24歳のときには、バルビゾン派の画家カミーユ・コローと出会い、こんなアドバイスを受けた。「不確実なもののかたわらに、確実なものを置きたまえ」「毎年同じ場所に行って描くといい。同じ木を写すんだ」。これらの教えをルドンは守った。彼は画業を通じて、版画や油彩などあらゆる技法で樹木を描き続けたのである。樹木は時に単独で描かれ、時には人間や怪物など生き物の近くに描かれた。
後者の例として、2枚の作品を紹介しよう。これらの作品に描かれている「キャリバン」とは、シェイクスピアの『テンペスト』に登場する醜い怪物である。木炭画のほうでは、小柄な怪物は木の根に跨り、黒目勝ちの目に警戒心をにじませながら、こちらを振り返っている。いっぽう油彩画を見ると、毛のない胎児のような姿で表された怪物は大きな木の根元で眠りについている。その表情は穏やかで、大きな木との対比もあってか、まるで親の膝元で安らぐ幼子のようにも見える。
これらが描かれた年代には約15~20年の隔たりがあり、使われている技法や作品全体の雰囲気もまったく違う。だが、主題の他にもうひとつ共通点として、木の存在が挙げられる。木は、「確実なもの」として、空想上の存在、不確かな存在である「怪物」の近くにあって、その依り代としての役割を果たしているのである。
|友アルマン・クラヴォー
ルドンに強い影響を及ぼした存在として、もうひとり、在野の植物学者アルマン・クラヴォーの名があげられる。ルドンが彼と出会ったのは17歳のとき、ボルドーの文化的サークルにおいてだったという。
彼は、「無限に微小なもの」「知覚の限界のような世界で、(中略)一日のうち数時間だけ光線の動きによって生物として生きる神秘的な存在」(『ルドン 私自身に』、池辺一郎訳、みすず書房)を研究していた。
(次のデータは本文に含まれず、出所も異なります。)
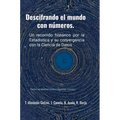 Descifrando el mundo con números: Un recorrido histórico por la Estadística y su convergencia con la Ciencia de Datos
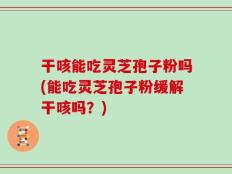 干咳能吃灵芝孢子粉吗(能吃灵芝孢子粉缓解干咳吗？)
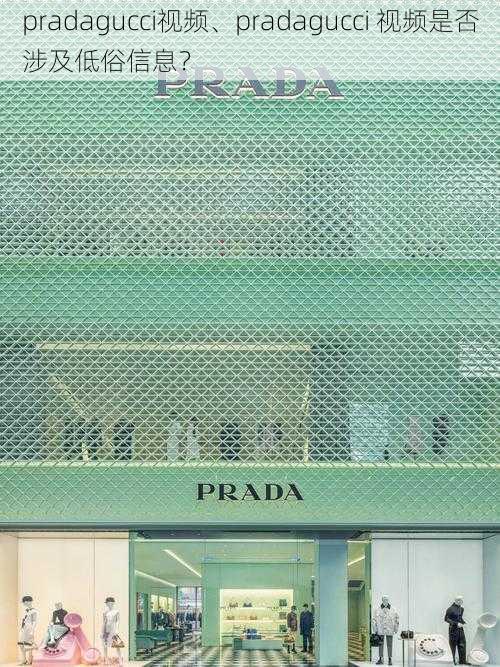 pradagucci视频、pradagucci 视频是否涉及低俗信息？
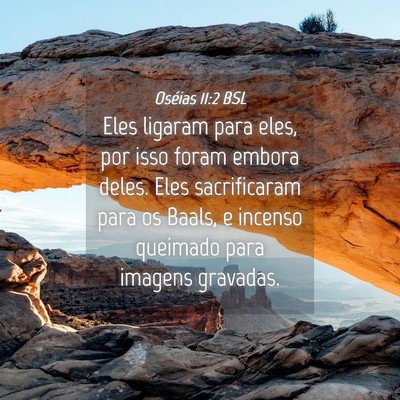 Picture 04 - Oséias 11:2 BSL - Eles ligaram para eles, por isso foram embora - Bible Verse Picture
しばしばルドンの代表作として取り上げられる『ゴヤ頌』第二葉《沼の花、悲し気な人間の顔》は、クラヴォーの著書の豆の発芽を表した挿図がもとになっていると指摘されている。
いっぽうで彼は文学や哲学にも詳しく、インドの詩や、ポーやボードレールらの詩をルドンに読み聞かせ、東洋哲学についても教えている。それらは、《若き日の仏陀》や『悪の華』の挿絵など、多くの作品を生み出す源ともなった。だが1890年、彼は自ら命を絶ってしまう。
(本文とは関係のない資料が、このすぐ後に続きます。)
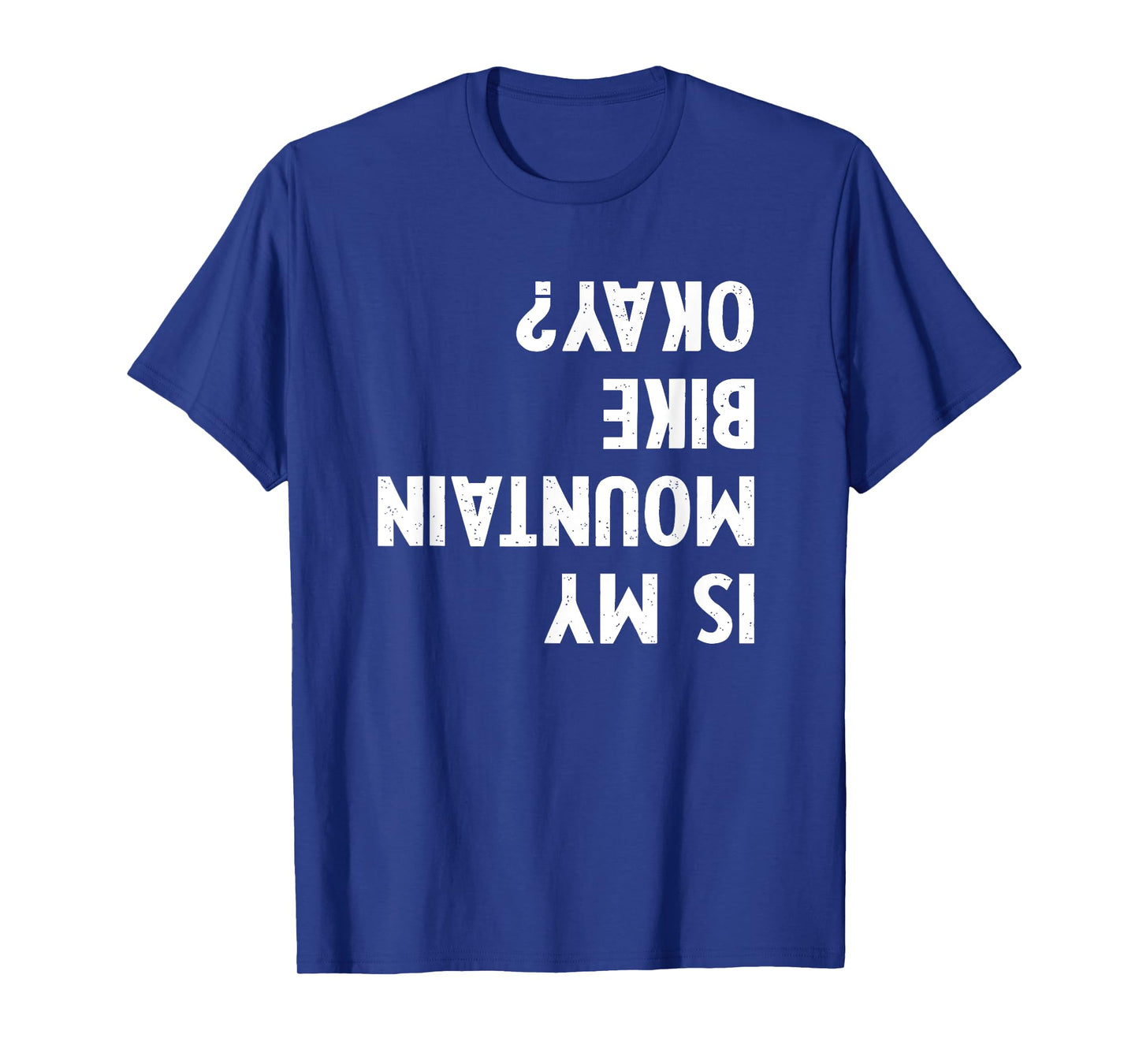 Mountain Bike Gifts For Men Women kid Is My Mtb Okay Biking T-Shirt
その翌年にルドンは石版画集『夢想』を刊行し、亡き友人に捧げている。その6枚目の《日の光》を見てみよう。大きく開いた窓の外には、光の中に真っすぐに立つ木が見える。そして、手前の暗い室内をよく見てみると、人の顔にも似た白く小さな丸いものがいくつも浮き上がっているのが確認できる。それは、クラヴォーの研究分野であり、おそらくルドンにも見せたであろう顕微鏡の向こうの目には見えない世界を思い起こさせる。
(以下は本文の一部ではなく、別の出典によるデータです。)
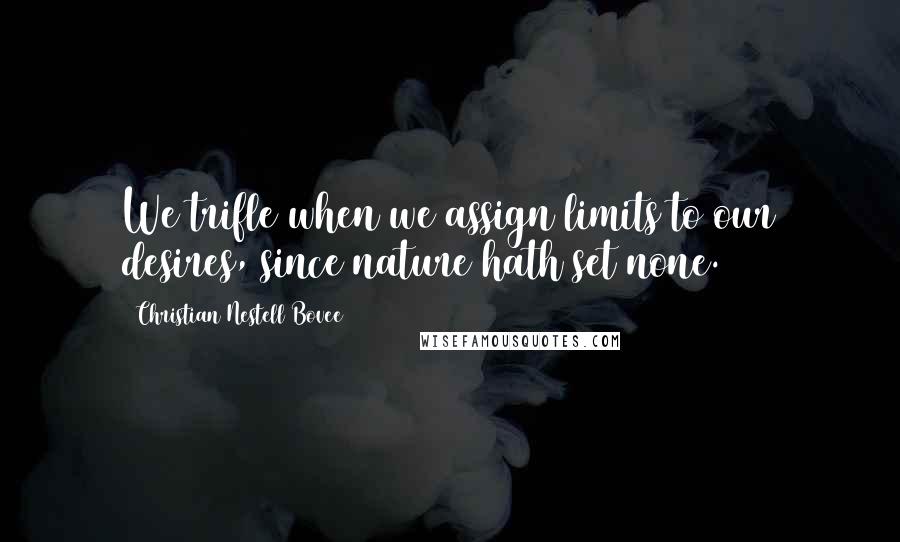 Christian Nestell Bovee Quotes: We trifle when we assign limits to our desires, since nature hath set none.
また、同じ画集の1枚目にあたる、《……それは一枚の帳、ひとつの刻印であった……》は、キリストの汗を拭った布に彼の顔が写し取られたという聖顔布伝説が下敷きになっているが、ルドンはキリストの顔の代わりにクラヴォーのそれを描き込んでいる。これらを併せて見ると、様々な世界を見せてくれたこの年上の友人が、ルドンにとってどれほど大きな存在だったか、彼の思いが伝わってくる。
|《グラン=ブーケ》―夢に咲く花
1900年頃、ルドンはドムシー男爵から、ブルゴーニュ地方にある城館の食堂の装飾を依頼される。彼は全16点のパネルを制作、そのうちの1点が《グラン=ブーケ》である。この作品だけはパステルで描かれ、また「花瓶に入っている」という点など、他のパネルと異なる点が多く見られる。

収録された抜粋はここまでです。